Movie Review: ‘Guardians of the Galaxy Vol. 2’ Is a Worthy Sequel

Image Credit: Marvel Entertainment

Warning: this review contains spoilers.

When Marvel released Guardians of the Galaxy in 2014, it took everyone by surprise. A superhero movie in space featuring some of Marvel’s lesser known characters, including a talking tree and a raccoon, became a runaway hit with audiences. Because of that, Guardians of the Galaxy Vol. 2 had a lot to live up to, and it mostly delivered. While it was obvious that Vol. 2 tried to copy the formula that made the original film so successful, the jokes still worked and the new characters were a welcome addition. Though it didn’t feel as fresh as the original, it was definitely an enjoyable and worthy sequel.

The humor, arguably the best part of the original film, is definitely still present in the sequel.
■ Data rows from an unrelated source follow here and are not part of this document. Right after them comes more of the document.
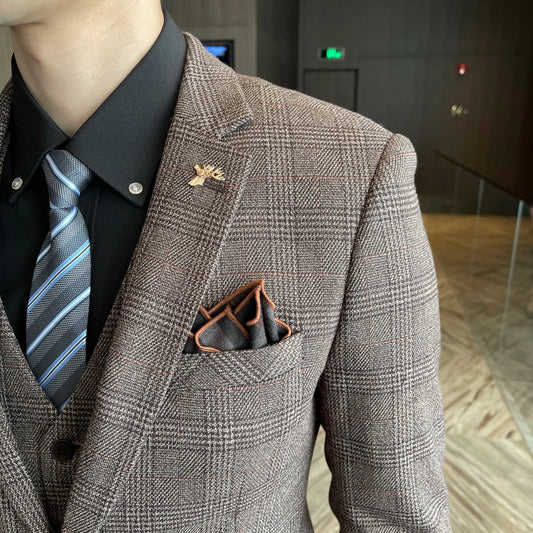 British Korean style plaid men's 3-piece business casual suit set by MANDOTOS INTERNATIONAL, featuring a jacket, vest, and trousers.
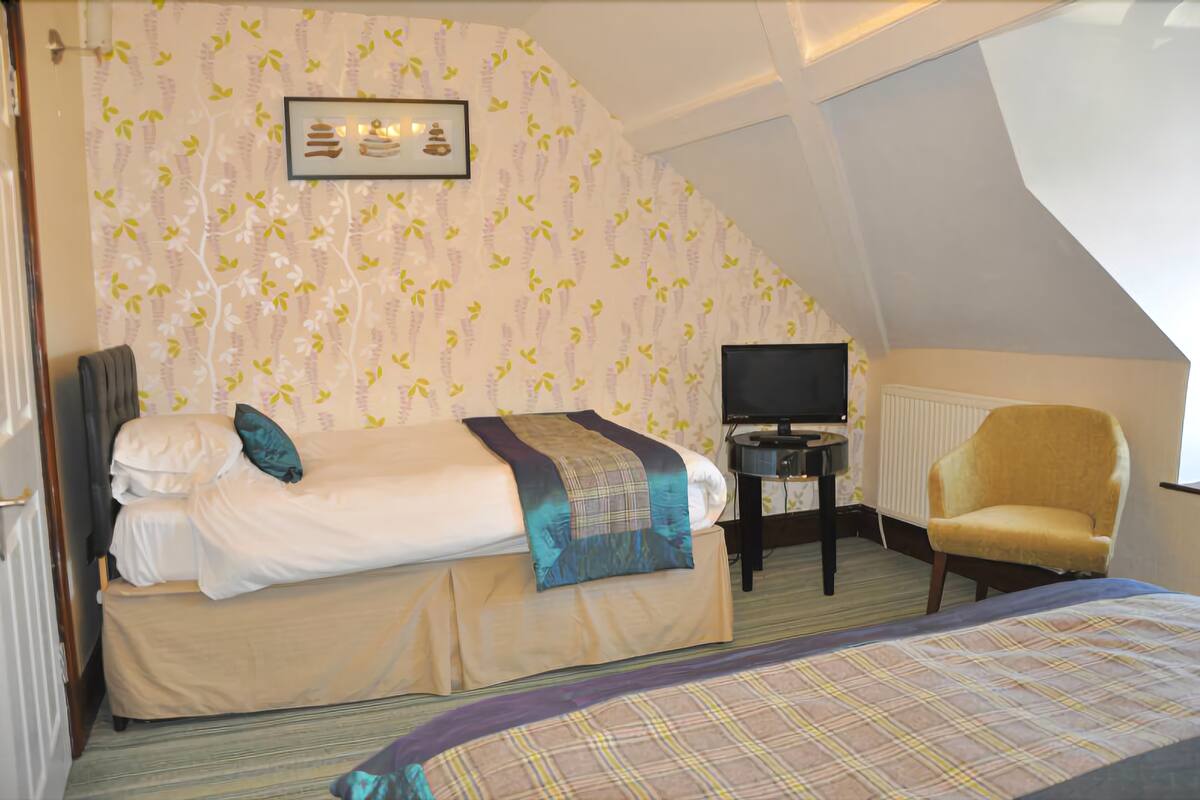 A hotel room with a bed, a chair, a TV, and a radiator.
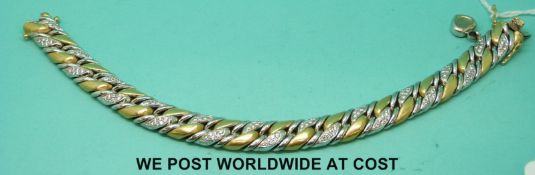 A Chopard 18ct bi-coloured gold bracelet with alternate links set with diamonds (82g)
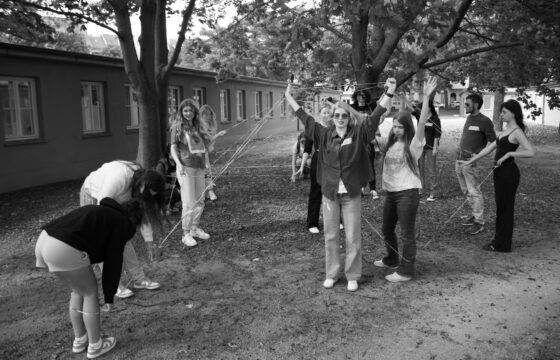 Grupa młodych ludzi na trawniku z drzewami, robi instalację ze sznurka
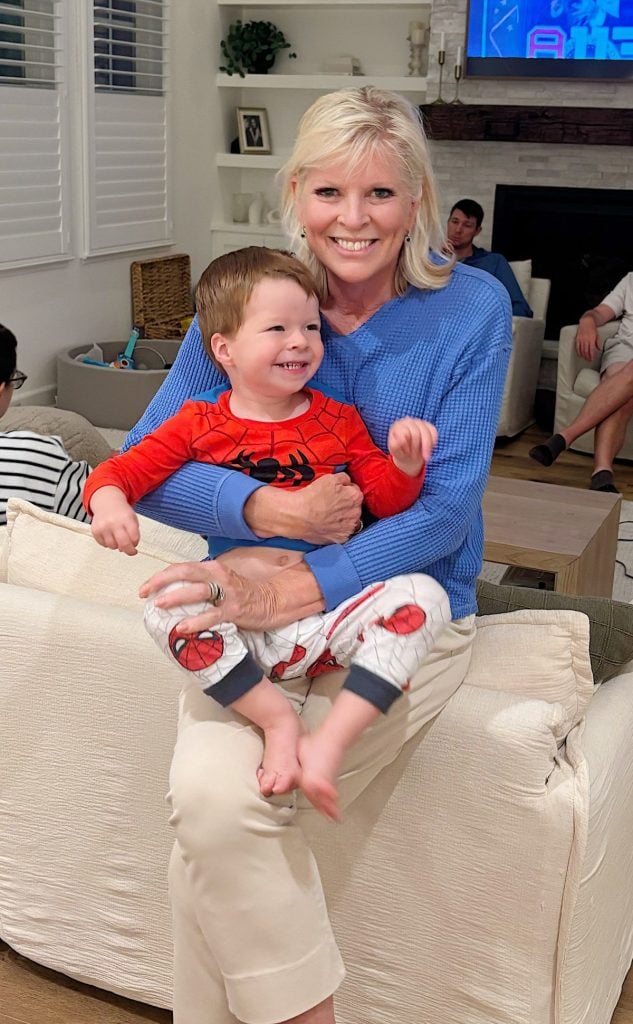 A woman in a blue sweater sits on a couch, smiling and holding a young boy dressed in Spider-Man pajamas, enjoying the holiday season. Other people are in the background.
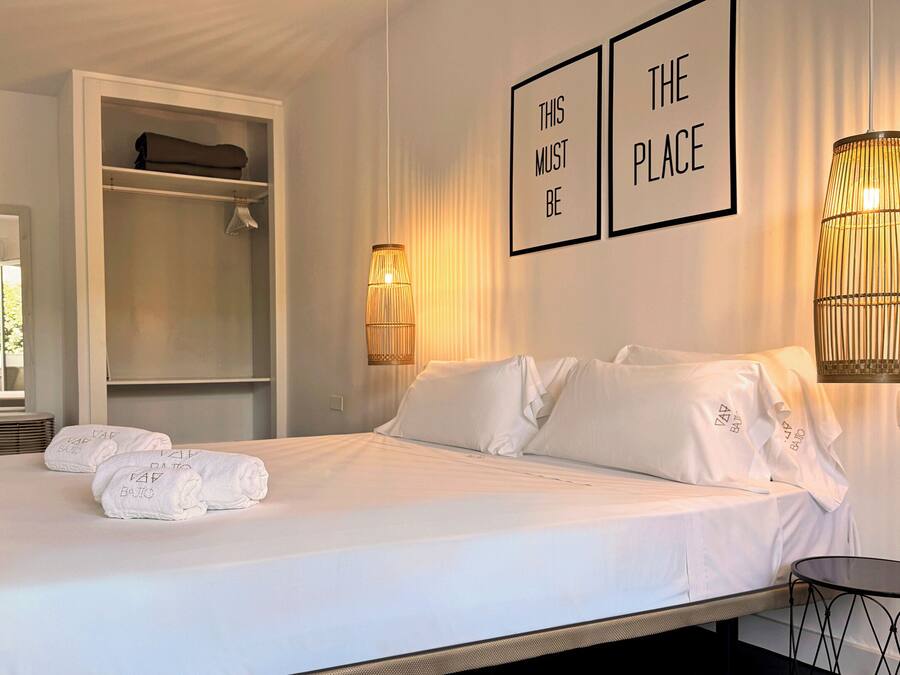 A neatly made bed with white linens and towels, a bedside table, a chair, a wardrobe, and two wall-mounted lamps.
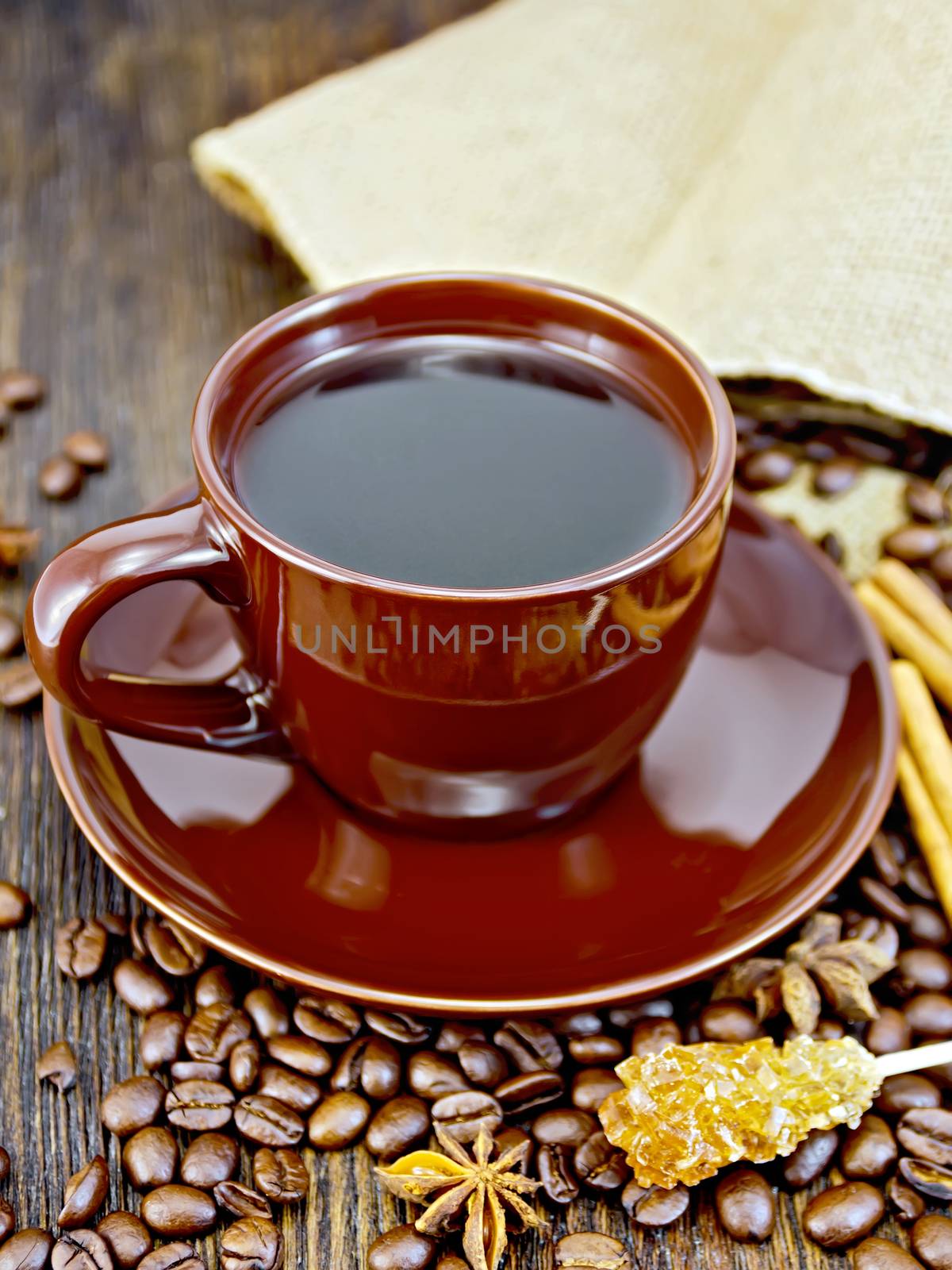 Coffee in cup brown with sugar, a bag of coffee beans, cinnamon sticks and star anise on a background of dark wood planks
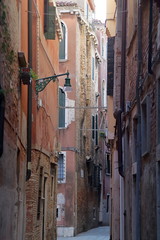 Fototapeta na wymiar Venice, Italy. Vertical view of narrow street scene in Venice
Drax, once again played expertly by Dave Bautista, leads the way with his quips and deadpan style, and serves as much needed comic relief in many scenes in the movie. Rocket Raccoon and Baby Groot, who is absolutely adorable and often steals the show, also have the same humor and banter that made them such an enjoyable pair in the first film. New character Mantis is very naive and doesn’t always understand social cues, much like Drax in the original, leading to some humorous situations. Cameos from Stan Lee, David Hasselhoff, and Howard the Duck also gave everyone in the theater a good laugh, as did Peter Quill receiving a Zune after his Walkman was destroyed. And though the Guardians have all come together as a team, their bickering and misunderstandings are still prevalent and work just as well for comic relief as they did in the first film. While some of the jokes and style seem like they were directly trying to emulate the original Guardians of the Galaxy, they’re still funny and never fall completely flat.

Image Credit: Marvel Entertainment

Where Vol. 2 really shines, though, is in how it deals with the subject of family. Peter finally meets his father, a celestial named Ego, played wonderfully by Kurt Russell, only to find out that he isn’t exactly as he seems. Though their reunion is initially a happy one, Peter soon finds out that his father is power hungry and that he killed Peter’s mother so he wouldn’t be tempted to return to Earth. While Ego tries to kill Peter to preserve his end goals, Yondu is willing to sacrifice himself so that Peter can live. Peter initially thought that Yondu had kept him from his father for his own gain, but he realizes that Yondu was actually trying to protect him after learning that Ego had killed all the other children Yondu had delivered to him. The most emotional scene in the movie involves Peter reflecting on Yondu being a father to him while Cat Stevens’ “Father and Son” plays in the background during Yondu’s funeral, which is arguably one of the most visually beautiful scenes in any Marvel movie. Though somewhat in the background, Gamora and Nebula, who were at odds during most of the first movie thanks to the rivalry instilled in them by their father, Thanos, strike an uneasy truce and begin to treat each other as sisters. While their goals remain different, with Nebula ultimately wanting revenge against Thanos, their bond at the end of the film is implied to be stronger than it has ever been, culminating in an emotional hug at the end of the film.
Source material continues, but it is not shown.